(Brief descriptive captions)
- Opening Delimiter -

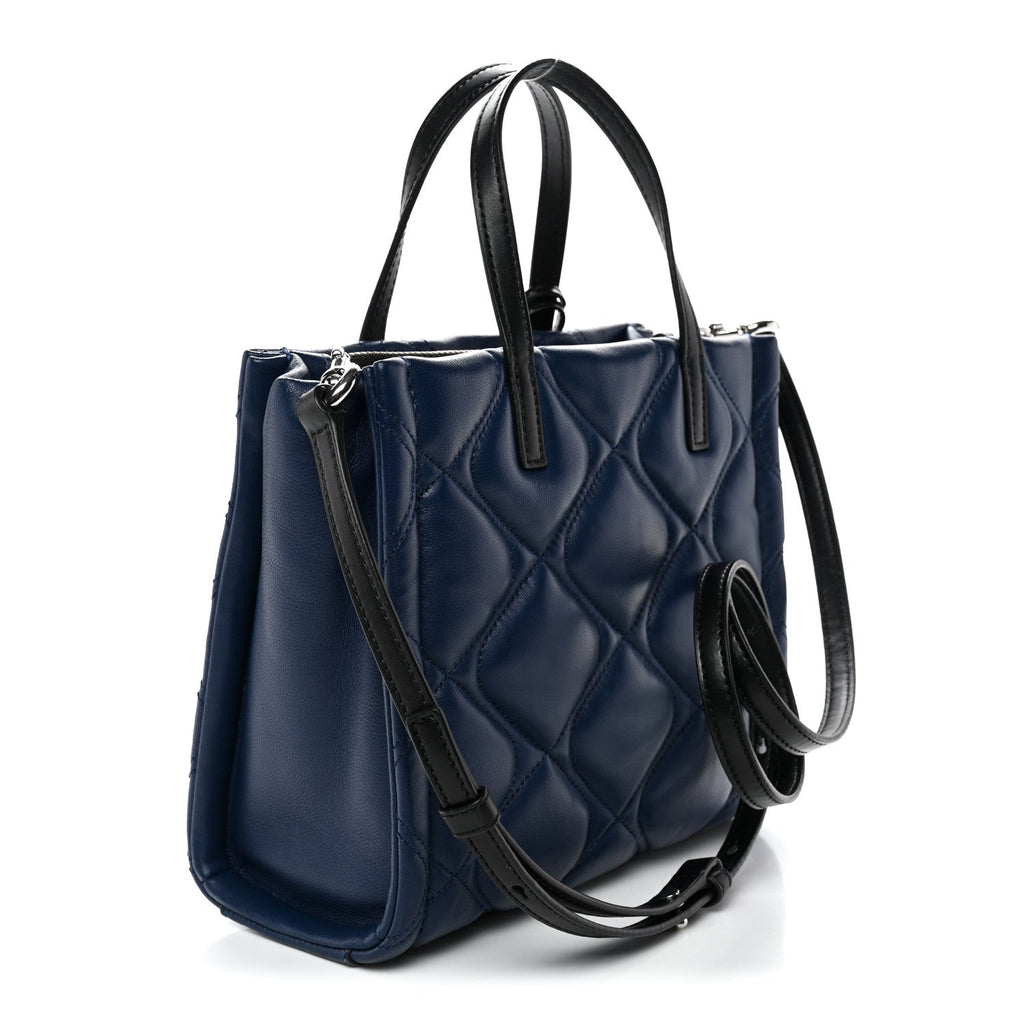 Lambskin Quilted Mini Grind Tote Bag Azure Blue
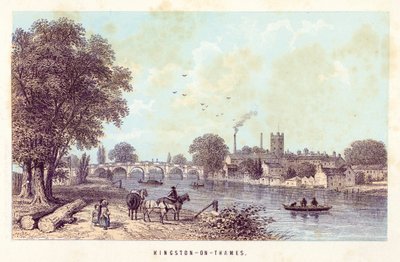 Rio Tamisa: Kingston-on-Thames (gravura colorida) de English School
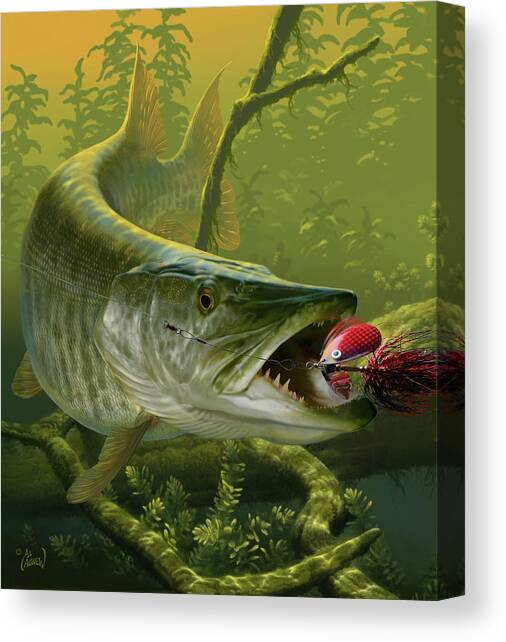 Tiger in the Weeds Canvas Art Print by Al Agnew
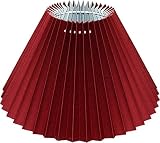 Plissee Lampenschirm SANGUE DI BUE *rund* dunkelrot, transluzenter Lumière-Karton, Du=25/Do=9,5 /schräge H=16cm, Befestigung E27 (E14 mit Reduzierring , optional separat bestellbar )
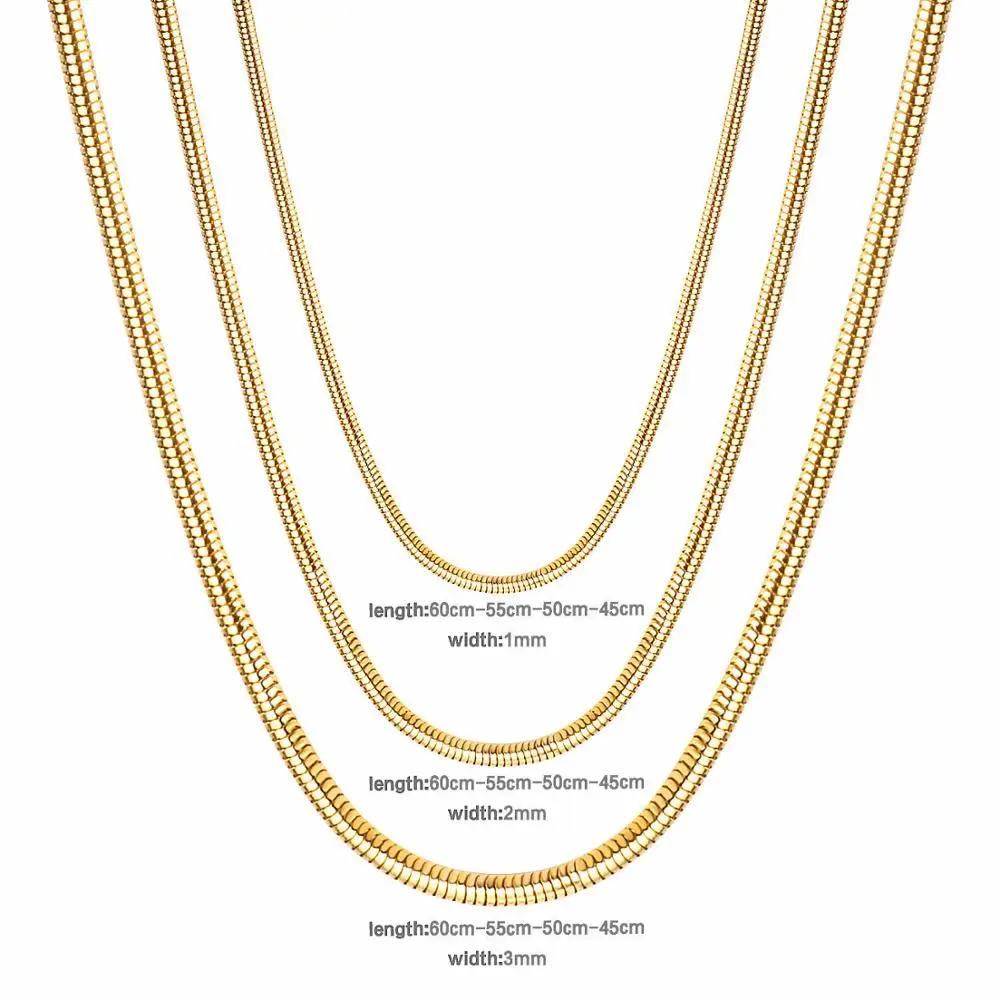 Роскошные стальные стандартные ожерелья-цепочки в виде змеи из нержавеющей стали с золотым/серебряным покрытием ожерелья с застежкой-лобстером для подвесок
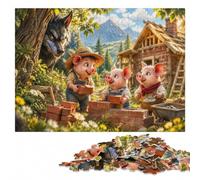 Wooden Jigsaw Puzzle, Adults, Three Little Pigs Brick House, 1000 Pieces | Puzzle for Adults - visual matching for a more organised build in spare time.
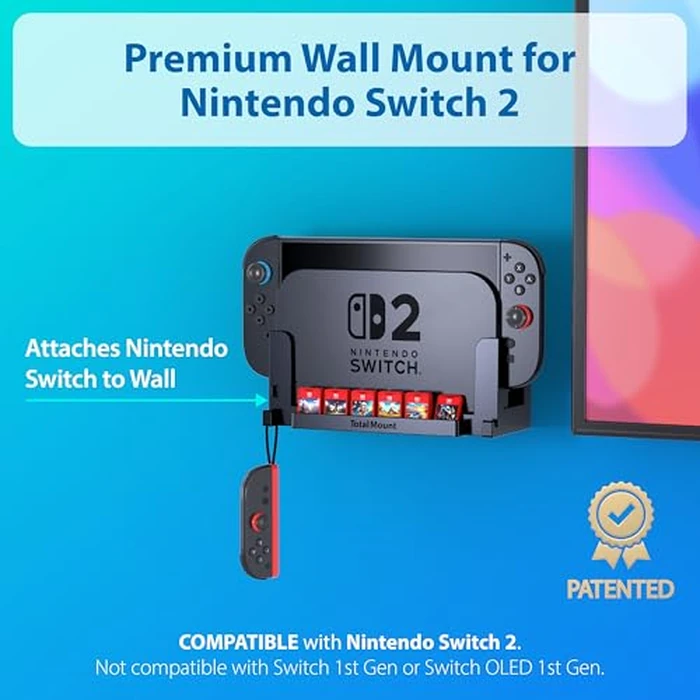 TotalMount Wall Mount for Nintendo Switch 2 (Mounts Switch 2 by TV) - Switch 2 Black by TotalMount - Image 2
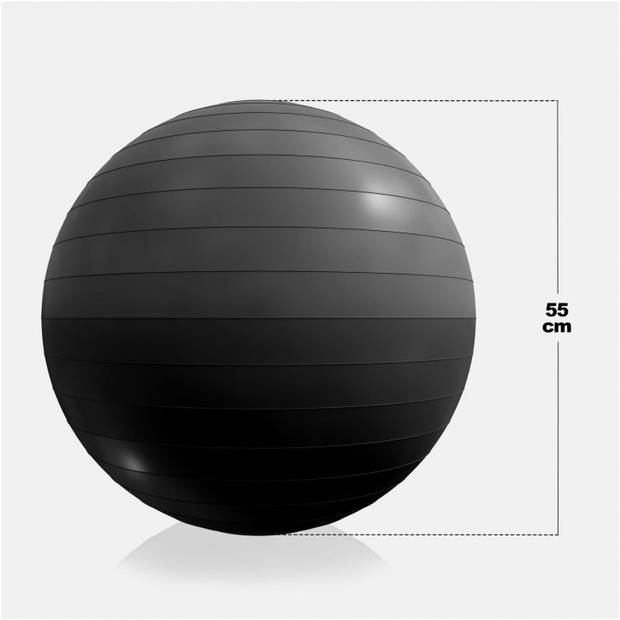 Fitnessbal Ø 55 cm - incl. Pomp - Gym bal - Yoga - Belastbaar tot 500 kg - Zwart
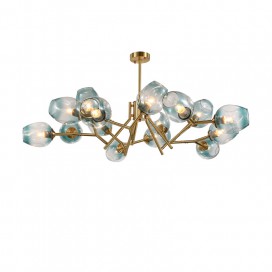 Fine Brass 15 Light Chandelier with Blue Glass Shades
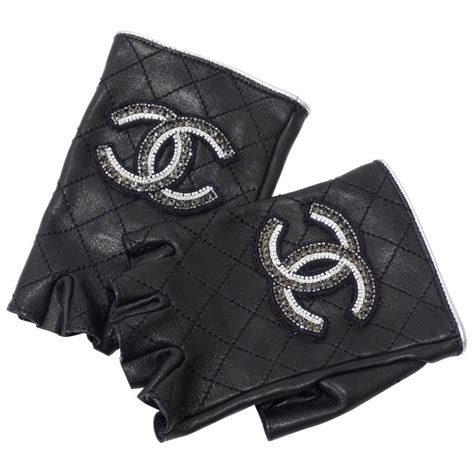 chanel fingerless gloves with fur|Chanel ladies gloves.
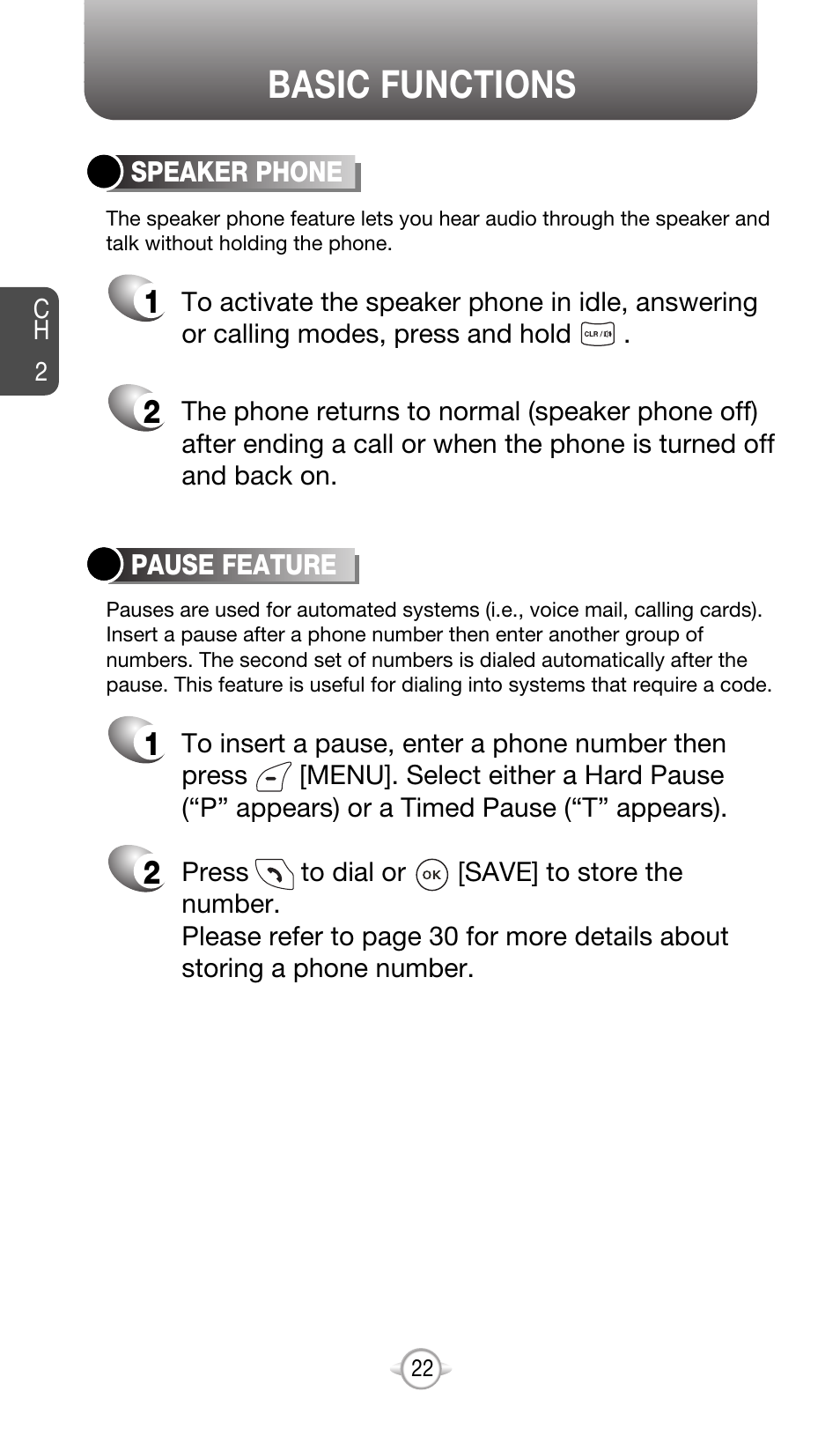 Basic functions | Audiovox CDM-8615 User Manual | Page 25 / 131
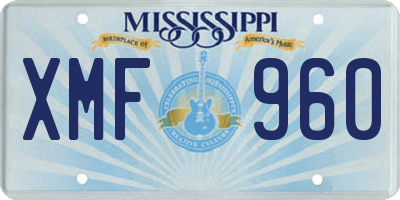 MS license plate XMF960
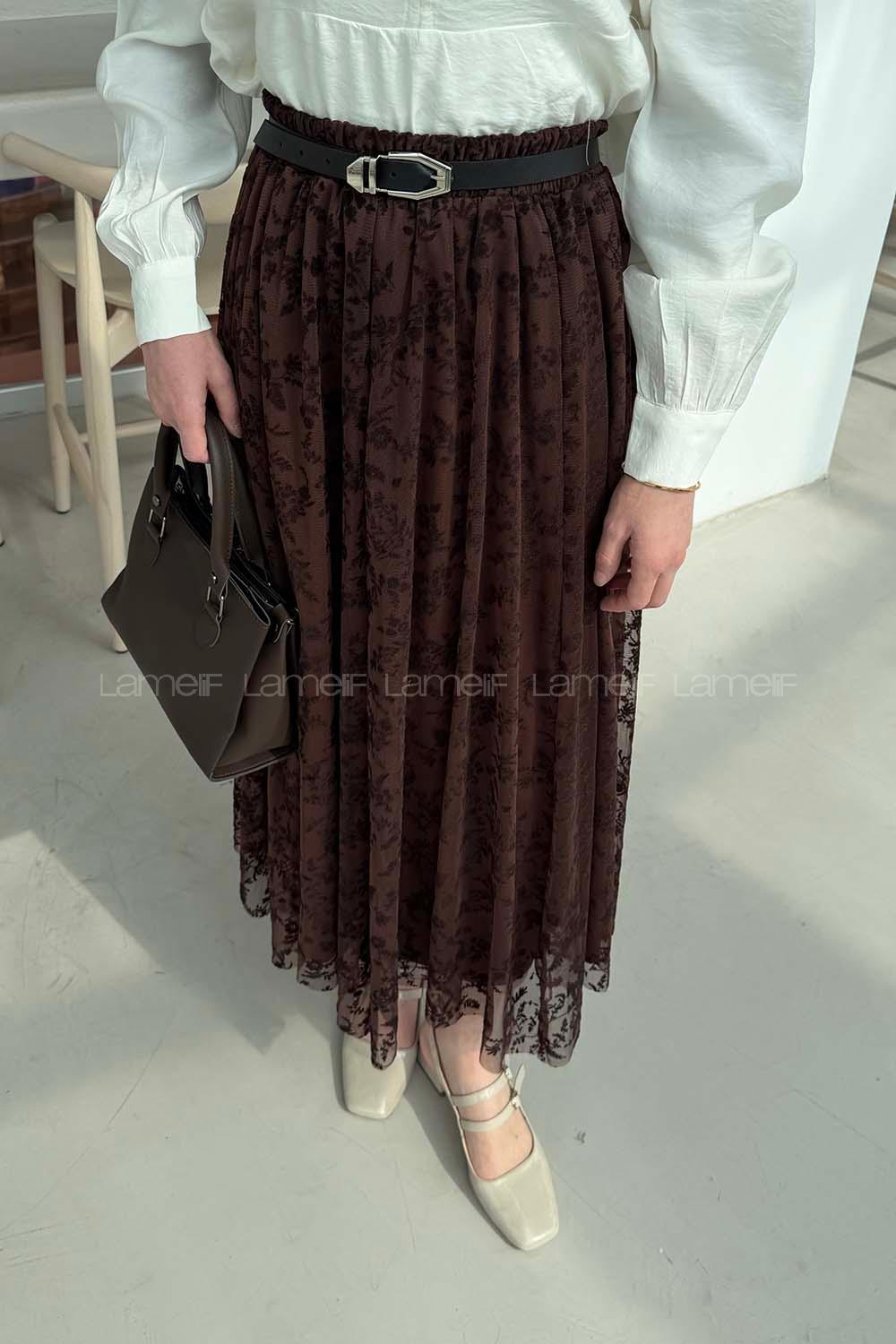 Lamelif Floklu Etek Acı Kahve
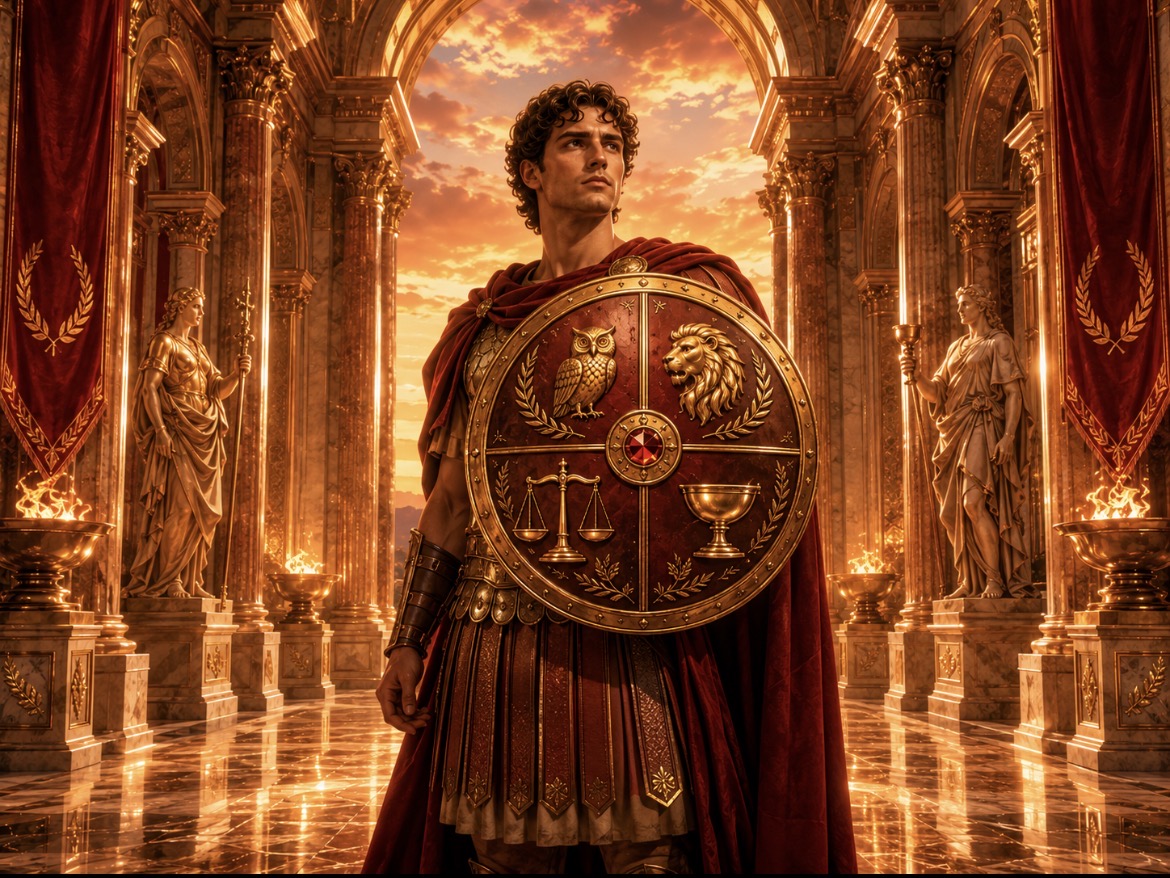 The guardian of virtue standing alone, bearing the shield of the four virtues: inner strength without audience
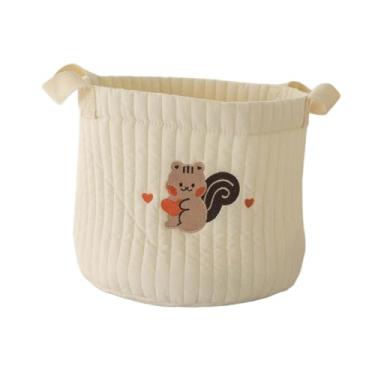 Imagem de simhoa Organizador de fraldas para bebês, cesta de fraldas, portátil, versátil, organizador de trocador, suporte de brinquedos para carro, ambiente, Esquilo Marrom Grande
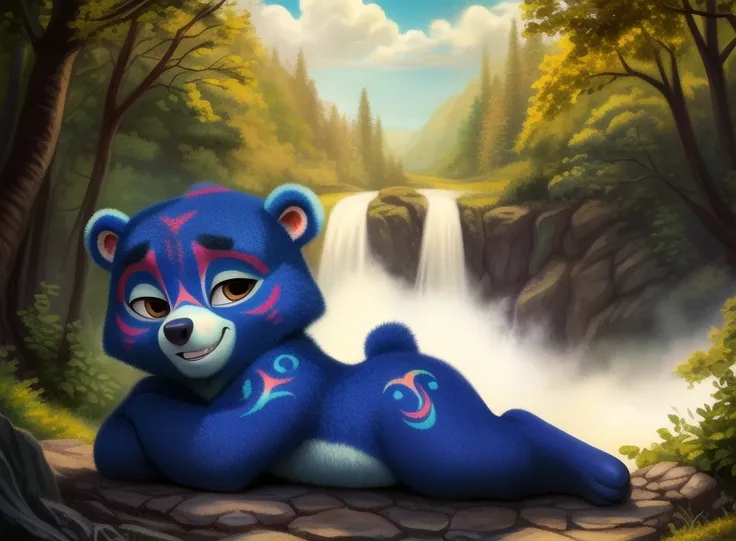 <lora:KodSpiRanYiff:1> KodSpiRan, bear, dark blue fur, chibi, brown eyes, patterns on the body, 
[  solo, (nature), forest, day, clouds, waterfall,  (lying on its side, smiling,) 
(beautiful, aesthetic, perfect, delicate, intricate, saturated colors), mast...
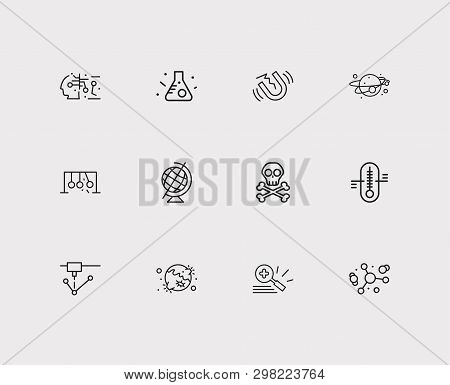 Science Icons Set. Gynaecology And Science Icons With Magnifying Glass, Laser Device And Atomic Phys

- Closing Delimiter -

▸ **DIRECTIONS**: Both the line containing "The guardian of" and the last line of the records above belong in the exact copy, along with every line between them; pictures do not.

▸ **TASK OUTPUT**:
 The guardian of virtue standing alone, bearing the shield of the four virtues: inner strength without audience
 Imagem de simhoa Organizador de fraldas para bebês, cesta de fraldas, portátil, versátil, organizador de trocador, suporte de brinquedos para carro, ambiente, Esquilo Marrom Grande
 <lora:KodSpiRanYiff:1> KodSpiRan, bear, dark blue fur, chibi, brown eyes, patterns on the body, 
[  solo, (nature), forest, day, clouds, waterfall,  (lying on its side, smiling,) 
(beautiful, aesthetic, perfect, delicate, intricate, saturated colors), mast...
 Science Icons Set. Gynaecology And Science Icons With Magnifying Glass, Laser Device And Atomic Phys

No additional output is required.